● **Data supplied**:
Segment Open
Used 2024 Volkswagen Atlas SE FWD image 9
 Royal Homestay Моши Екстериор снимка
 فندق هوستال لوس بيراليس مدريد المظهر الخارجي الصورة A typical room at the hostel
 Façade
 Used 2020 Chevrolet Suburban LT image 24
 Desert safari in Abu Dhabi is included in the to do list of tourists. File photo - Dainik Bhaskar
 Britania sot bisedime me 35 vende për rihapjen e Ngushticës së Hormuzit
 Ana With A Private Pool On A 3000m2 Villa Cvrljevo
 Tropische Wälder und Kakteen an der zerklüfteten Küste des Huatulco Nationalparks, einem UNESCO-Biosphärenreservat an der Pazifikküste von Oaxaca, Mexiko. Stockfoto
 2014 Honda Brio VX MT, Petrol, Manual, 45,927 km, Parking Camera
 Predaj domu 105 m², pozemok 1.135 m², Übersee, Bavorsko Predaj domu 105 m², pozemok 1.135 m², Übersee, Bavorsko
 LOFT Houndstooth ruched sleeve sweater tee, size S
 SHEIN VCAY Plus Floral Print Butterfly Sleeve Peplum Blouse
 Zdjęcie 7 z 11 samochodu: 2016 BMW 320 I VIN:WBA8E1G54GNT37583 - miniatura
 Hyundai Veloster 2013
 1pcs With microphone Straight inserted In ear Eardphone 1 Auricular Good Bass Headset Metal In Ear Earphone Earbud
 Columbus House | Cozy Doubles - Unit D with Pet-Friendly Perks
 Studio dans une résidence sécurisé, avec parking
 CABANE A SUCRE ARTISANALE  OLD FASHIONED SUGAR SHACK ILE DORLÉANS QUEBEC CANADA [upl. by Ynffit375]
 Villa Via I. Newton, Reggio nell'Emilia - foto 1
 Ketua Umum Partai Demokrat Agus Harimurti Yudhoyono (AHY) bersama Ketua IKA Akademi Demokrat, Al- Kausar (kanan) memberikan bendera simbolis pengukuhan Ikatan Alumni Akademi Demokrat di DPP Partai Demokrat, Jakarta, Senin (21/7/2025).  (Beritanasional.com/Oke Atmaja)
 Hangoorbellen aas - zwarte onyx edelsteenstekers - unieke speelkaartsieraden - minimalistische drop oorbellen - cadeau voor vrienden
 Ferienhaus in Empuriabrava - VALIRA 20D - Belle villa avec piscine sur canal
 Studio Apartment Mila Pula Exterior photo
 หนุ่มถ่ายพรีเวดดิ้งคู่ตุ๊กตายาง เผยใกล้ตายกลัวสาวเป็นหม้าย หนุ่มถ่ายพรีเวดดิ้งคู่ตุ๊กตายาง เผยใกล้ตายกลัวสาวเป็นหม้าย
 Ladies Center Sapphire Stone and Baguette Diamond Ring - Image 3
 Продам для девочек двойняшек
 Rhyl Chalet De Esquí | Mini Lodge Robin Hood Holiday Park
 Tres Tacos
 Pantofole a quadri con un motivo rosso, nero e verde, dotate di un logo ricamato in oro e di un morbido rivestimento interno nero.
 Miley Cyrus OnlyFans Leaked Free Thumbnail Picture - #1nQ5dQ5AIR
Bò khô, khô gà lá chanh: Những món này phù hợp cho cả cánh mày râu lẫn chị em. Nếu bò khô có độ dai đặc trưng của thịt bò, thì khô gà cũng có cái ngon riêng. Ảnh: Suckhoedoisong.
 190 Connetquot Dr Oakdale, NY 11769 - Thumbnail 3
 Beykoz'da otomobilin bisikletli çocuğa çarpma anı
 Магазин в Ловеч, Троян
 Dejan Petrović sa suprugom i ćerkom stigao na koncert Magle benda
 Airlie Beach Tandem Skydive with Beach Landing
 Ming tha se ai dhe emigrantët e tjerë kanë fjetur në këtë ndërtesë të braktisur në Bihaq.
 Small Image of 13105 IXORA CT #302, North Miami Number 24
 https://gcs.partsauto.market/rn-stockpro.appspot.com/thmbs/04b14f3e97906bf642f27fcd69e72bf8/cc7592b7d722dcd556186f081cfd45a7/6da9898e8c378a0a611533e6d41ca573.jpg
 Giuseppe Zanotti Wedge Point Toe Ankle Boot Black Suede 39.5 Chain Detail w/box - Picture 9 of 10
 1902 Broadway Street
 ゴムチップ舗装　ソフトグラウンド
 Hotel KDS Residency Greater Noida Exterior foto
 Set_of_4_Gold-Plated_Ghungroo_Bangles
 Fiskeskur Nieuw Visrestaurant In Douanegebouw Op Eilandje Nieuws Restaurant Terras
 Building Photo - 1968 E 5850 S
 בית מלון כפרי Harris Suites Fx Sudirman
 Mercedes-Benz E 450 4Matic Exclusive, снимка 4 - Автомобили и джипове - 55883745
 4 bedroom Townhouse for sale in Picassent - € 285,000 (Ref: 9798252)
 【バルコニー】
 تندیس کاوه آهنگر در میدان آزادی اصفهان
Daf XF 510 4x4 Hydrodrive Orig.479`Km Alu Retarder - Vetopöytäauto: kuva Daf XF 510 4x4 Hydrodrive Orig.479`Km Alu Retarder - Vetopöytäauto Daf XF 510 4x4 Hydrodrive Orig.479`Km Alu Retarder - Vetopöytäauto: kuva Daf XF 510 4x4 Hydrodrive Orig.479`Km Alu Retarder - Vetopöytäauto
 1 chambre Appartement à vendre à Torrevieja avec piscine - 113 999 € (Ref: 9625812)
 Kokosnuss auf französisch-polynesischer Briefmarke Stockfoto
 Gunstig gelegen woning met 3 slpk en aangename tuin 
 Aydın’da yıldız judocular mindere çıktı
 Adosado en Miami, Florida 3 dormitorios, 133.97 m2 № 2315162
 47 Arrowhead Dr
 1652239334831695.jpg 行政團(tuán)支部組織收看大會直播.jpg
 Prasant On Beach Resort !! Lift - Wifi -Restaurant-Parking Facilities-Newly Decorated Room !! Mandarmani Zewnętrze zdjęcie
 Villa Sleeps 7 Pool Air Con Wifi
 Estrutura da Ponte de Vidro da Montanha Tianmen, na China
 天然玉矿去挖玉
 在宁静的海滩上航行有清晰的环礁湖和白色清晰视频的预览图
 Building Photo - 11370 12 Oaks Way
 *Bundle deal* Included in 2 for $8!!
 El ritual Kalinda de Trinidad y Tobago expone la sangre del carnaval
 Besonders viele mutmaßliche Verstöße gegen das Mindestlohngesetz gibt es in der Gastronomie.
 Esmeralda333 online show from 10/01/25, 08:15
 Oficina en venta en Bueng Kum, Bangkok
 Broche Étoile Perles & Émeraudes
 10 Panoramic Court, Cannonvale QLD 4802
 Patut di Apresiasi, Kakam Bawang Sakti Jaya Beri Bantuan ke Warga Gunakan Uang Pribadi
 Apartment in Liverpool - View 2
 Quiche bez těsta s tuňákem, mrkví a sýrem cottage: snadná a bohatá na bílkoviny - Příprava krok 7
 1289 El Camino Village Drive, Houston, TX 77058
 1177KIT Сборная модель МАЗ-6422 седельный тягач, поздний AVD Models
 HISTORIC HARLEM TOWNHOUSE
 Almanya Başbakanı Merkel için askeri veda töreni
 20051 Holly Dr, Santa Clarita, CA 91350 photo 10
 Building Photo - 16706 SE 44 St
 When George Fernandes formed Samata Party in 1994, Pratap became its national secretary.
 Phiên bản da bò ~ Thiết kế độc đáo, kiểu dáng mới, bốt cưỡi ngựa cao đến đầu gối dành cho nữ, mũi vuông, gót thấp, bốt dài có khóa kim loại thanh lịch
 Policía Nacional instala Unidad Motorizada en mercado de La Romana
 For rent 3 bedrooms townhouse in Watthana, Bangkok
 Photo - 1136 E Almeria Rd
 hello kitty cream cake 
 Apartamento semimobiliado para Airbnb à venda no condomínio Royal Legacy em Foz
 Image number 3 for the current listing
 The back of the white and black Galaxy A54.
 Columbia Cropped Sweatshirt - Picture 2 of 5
Segment Closed
Your task is to quote the lines above, beginning with the first and ending with the one that holds "Ana With A Private".

Used 2024 Volkswagen Atlas SE FWD image 9
 Royal Homestay Моши Екстериор снимка
 فندق هوستال لوس بيراليس مدريد المظهر الخارجي الصورة A typical room at the hostel
 Façade
 Used 2020 Chevrolet Suburban LT image 24
 Desert safari in Abu Dhabi is included in the to do list of tourists. File photo - Dainik Bhaskar
 Britania sot bisedime me 35 vende për rihapjen e Ngushticës së Hormuzit
 Ana With A Private Pool On A 3000m2 Villa Cvrljevo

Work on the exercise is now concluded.